Error in Fuzzy Lookup

  • I have been investigating an error in my SSIS package, and have discovered a problem with a Fuzzy Lookup.

    I am performing a Fuzzy Lookup on three columns, and the value in all three is "...".

    This caused the following error when just that single record goes through the dataflow:

    [Fuzzy Lookup [30841]] Error: SSIS Error Code DTS_E_OLEDBERROR. An OLE DB error has occurred. Error code: 0x80004005.

    An OLE DB record is available. Source: "Microsoft SQL Server Native Client 10.0" Hresult: 0x80004005 Description: "A network-related or instance-specific error has occurred while establishing a connection to SQL Server. Server is not found or not accessible. Check if instance name is correct and if SQL Server is configured to allow remote connections. For more information see SQL Server Books Online.".

    An OLE DB record is available. Source: "Microsoft SQL Server Native Client 10.0" Hresult: 0x80004005 Description: "Communication link failure".

    An OLE DB record is available. Source: "Microsoft SQL Server Native Client 10.0" Hresult: 0x80004005 Description: "Named Pipes Provider: No process is on the other end of the pipe.

    ".

    An OLE DB record is available. Source: "Microsoft SQL Server Native Client 10.0" Hresult: 0x80004005 Description: "A network-related or instance-specific error has occurred while establishing a connection to SQL Server. Server is not found or not accessible. Check if instance name is correct and if SQL Server is configured to allow remote connections. For more information see SQL Server Books Online.".

    An OLE DB record is available. Source: "Microsoft SQL Server Native Client 10.0" Hresult: 0x80004005 Description: "Named Pipes Provider: Could not open a connection to SQL Server [233]. ".

    The error was different when there were a number of records in the dataflow, but I have narrowed the issue down to just a single record, from the orignal 500,000.

    Is this a known issue? I am trying to think of a way to prevent it happening again. The three columns are First_Name, Last_Name and Address_Line_1. All of these could legitimately contain ".", but probably not on its own.

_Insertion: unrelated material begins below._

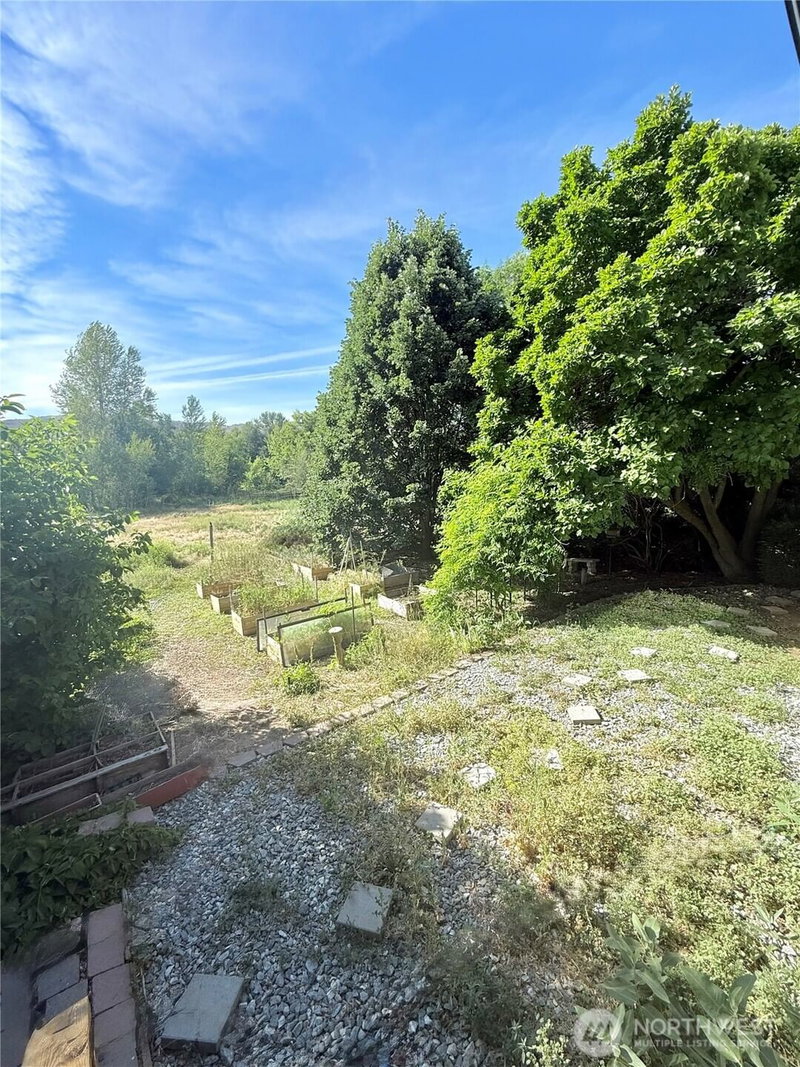 2050 James Avenue photo 38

Do you think that I need to add some validity checking to inbound records to prevent such entries, as it brought down my entire system (which thankfully is only in testing at this stage.)

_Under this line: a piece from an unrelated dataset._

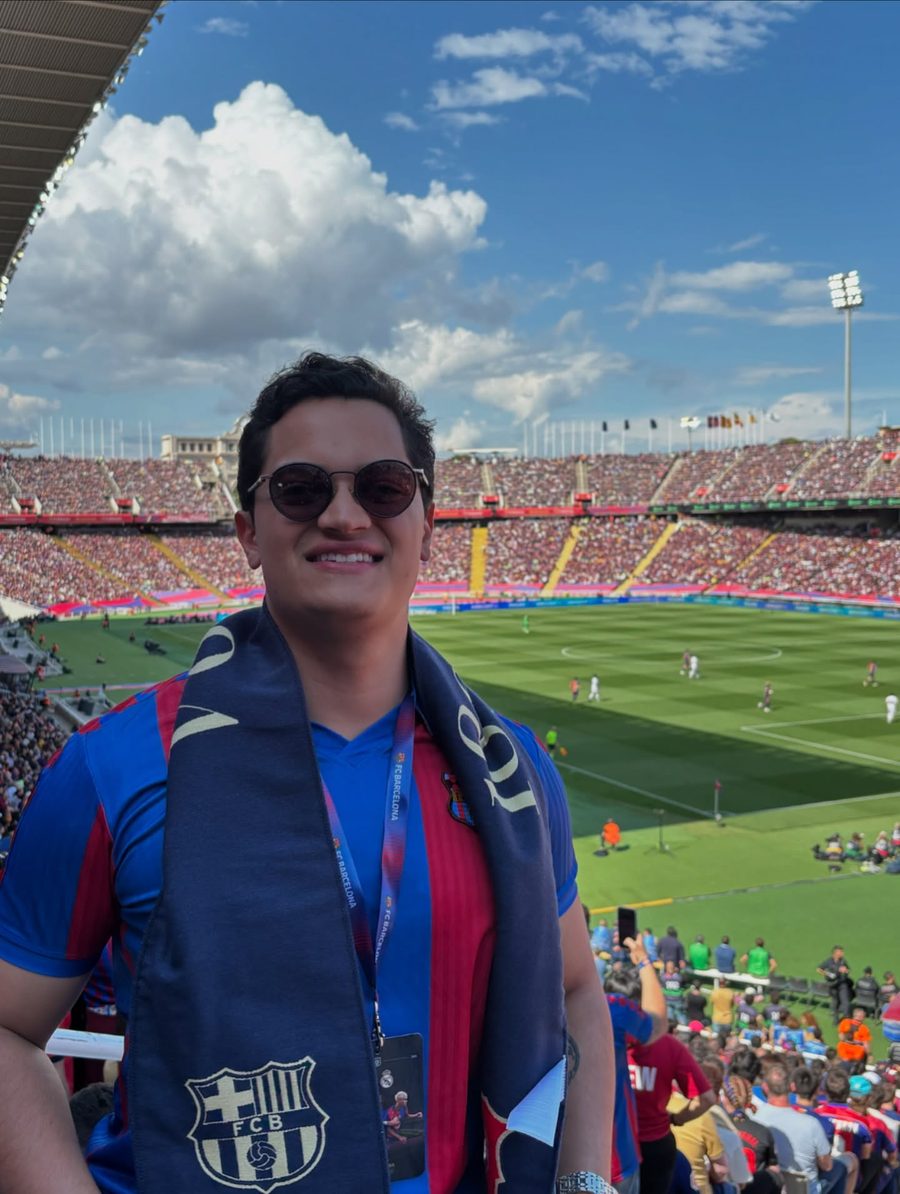 Renan no estádio em Barcelona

    Any thoughts or experience of this issue would be appreciated.

    Paul

  • I realise that this is drifting off topic somewhat, but can anyone help me to get around this?

    I am wondering if there is a way of using the NULLIF function on the orignal select statement whereby these fields can be read as NULL if the do not contain any alphanumeric characters?

    Alternatively I can insert an Execute SQL task to replace fields in the recordset that do not contain alphanumeric characters.

    Can anyone help with the statement?

    Thanks,

    Paul

  • Could you post a small sample file (~100 records) that has the rogue record in it? And perhaps a screenshot of what the package looks like, sources, transforms and destinations, etc. I'm not sure I understand the issue you are having.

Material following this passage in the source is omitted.